For penetration testers and ethical hackers, it is important to understand the domain login process. When a user attempts to log in to the domain, the following process occurs:

  • The host sends the user’s domain username and the New Technology LAN Manager (NTLM) version 2 hash of the user’s password to the domain controller during the authentication process to validate the identity of the user (remember our pass-the-hash attacks?).
  • The domain controller determines whether the user credentials are valid.
  • The domain controller responds to the host, by defining the security policies to apply to the user (network authentication).
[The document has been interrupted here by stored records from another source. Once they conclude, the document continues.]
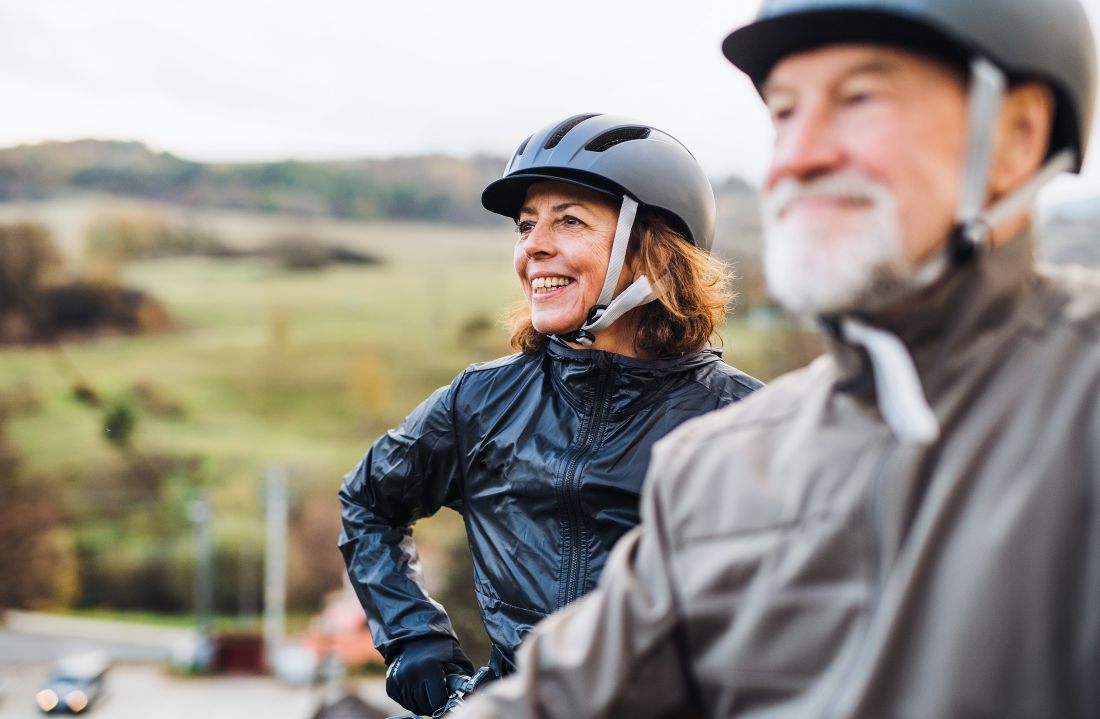 Pratique du vélo et plus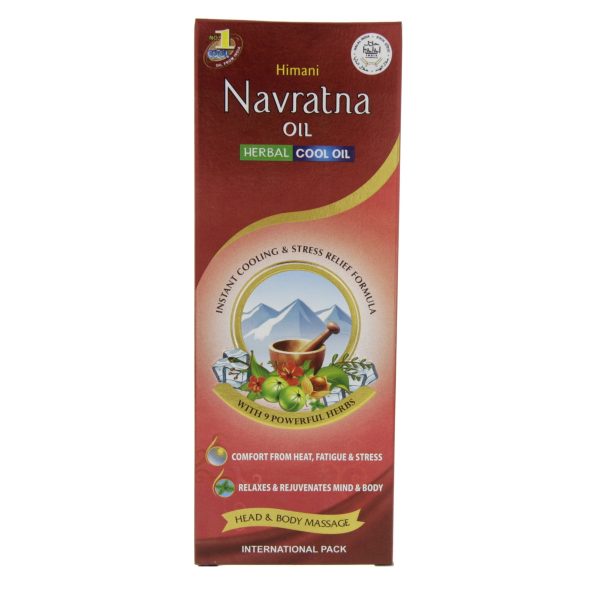 Himani Navratna Oil 100 ml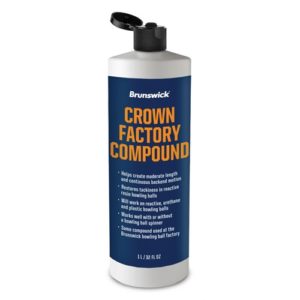 CROWN FACTORY COMPOUND 32 OZ.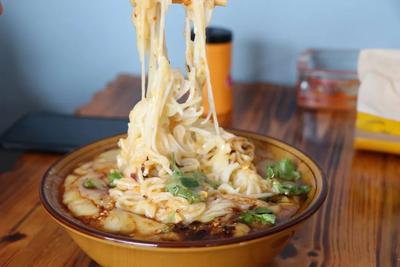 乐享云南 | 美食·腾冲稀豆粉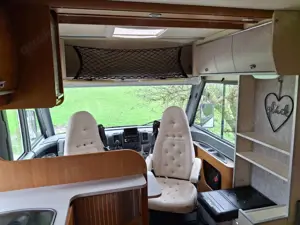 Caravans-Wohnm Bürstner Bild 4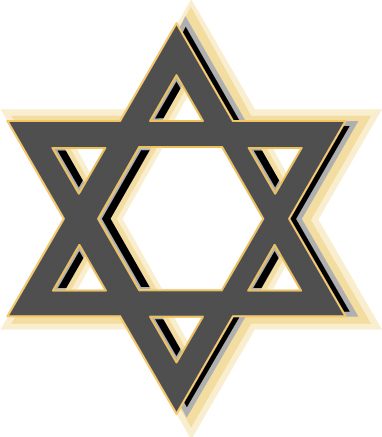 Symbol of Judaism: The Star of David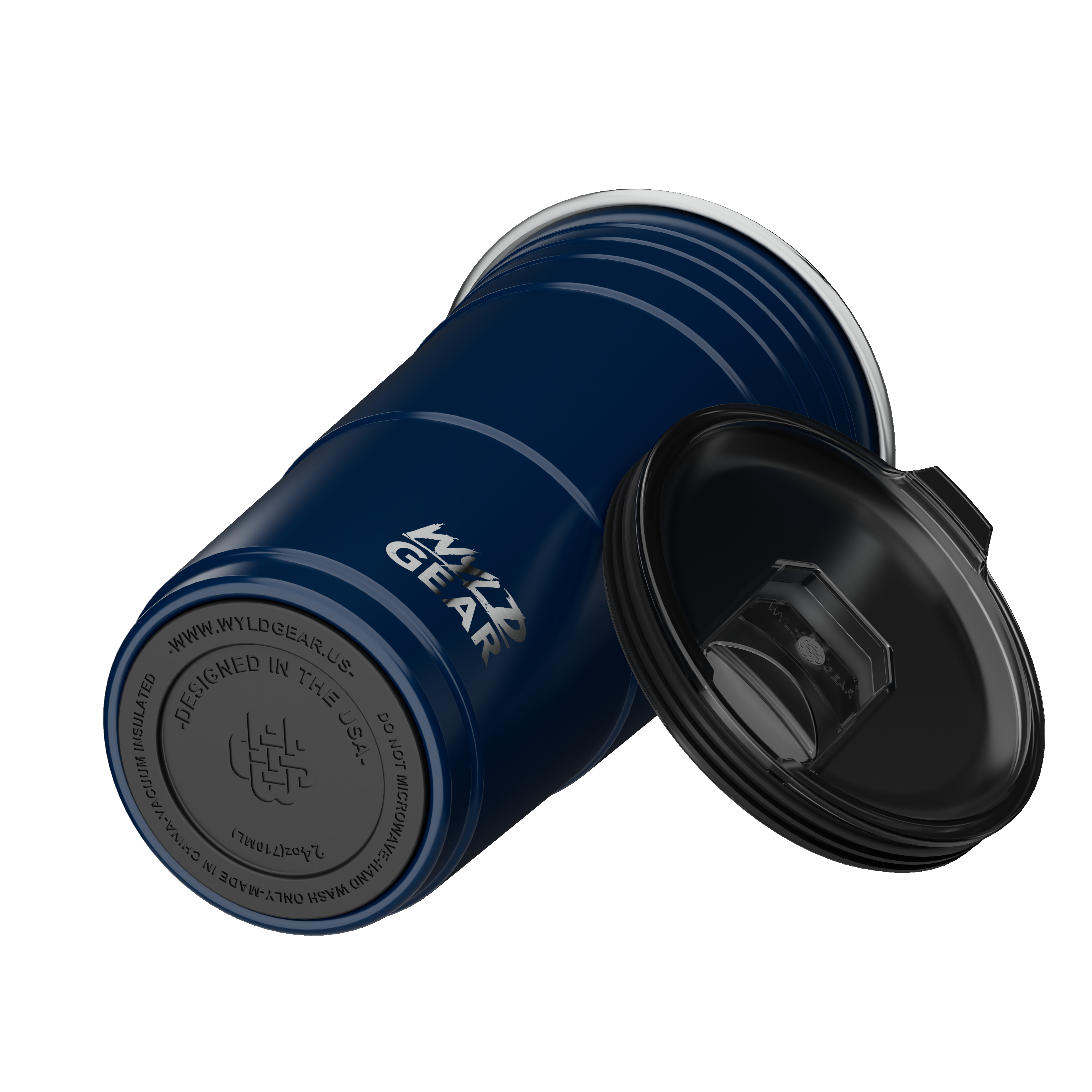 Wyld Gear – Großhandel Thermotasse/-becher – 24 Unzen - WYLD CUP™16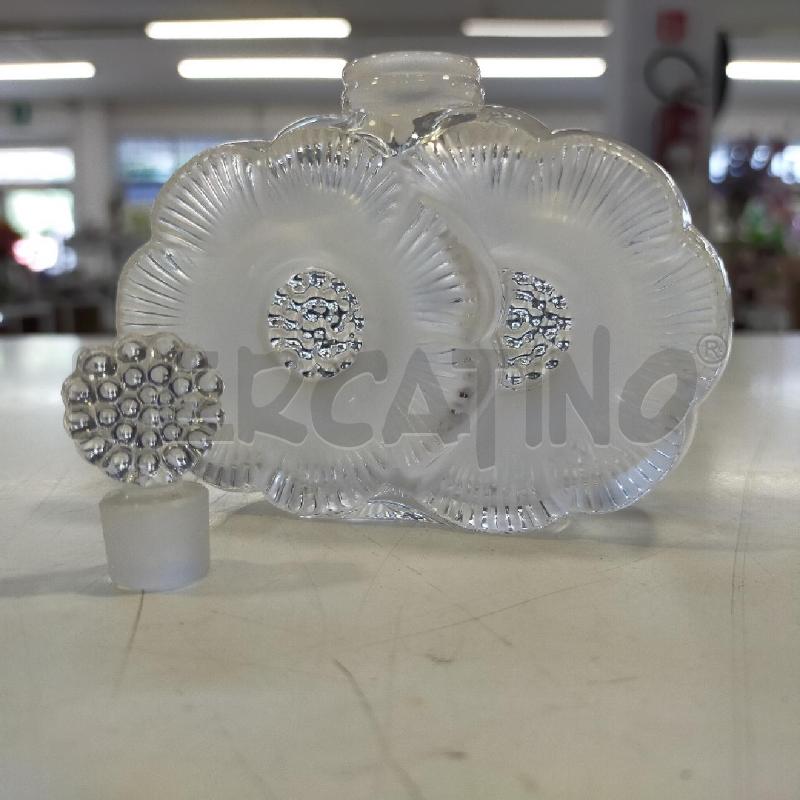 BOCCETTA LALIQUE DUEX FLEUR | Mercatino dell'Usato Roma rebibbia 2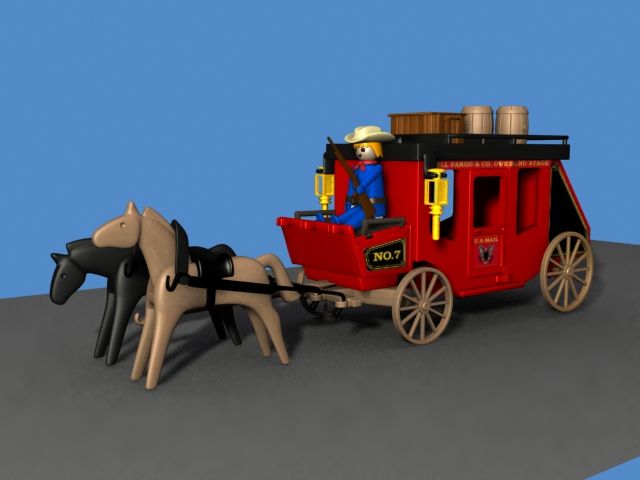 Playmo3D : Modelos de Playmobil en 3D 7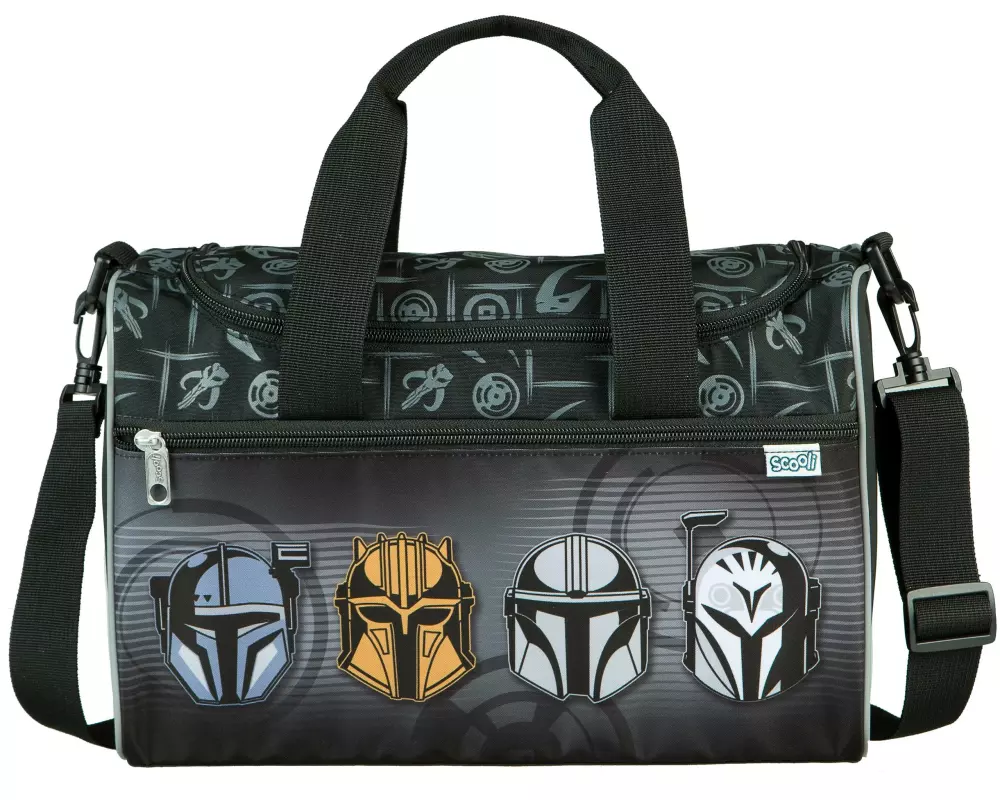 Scooli Turnsack Star Wars 8 l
This means that a user with a valid domain user account can log in to any permitted device on the network, so long as the security policy permits that action. uad_2

When a local user account is created on a Windows 10/11 operating system, the user’s credentials are stored within the Security Account Manager (SAM) file located in the local machine’s C:\Windows\ System32\config directory. The username is stored in plaintext while the password is converted into an NTLM version 1 hash stored in the SAM file. However, when a user is attempting to authenticate on a host within a domain, the host sends the domain username and NTLM version 2 password hash to the domain controller using the Lightweight Directory Access Protocol (LDAP) by default (an unsecure directory protocol used to perform queries on a directory server such as a domain controller over a network).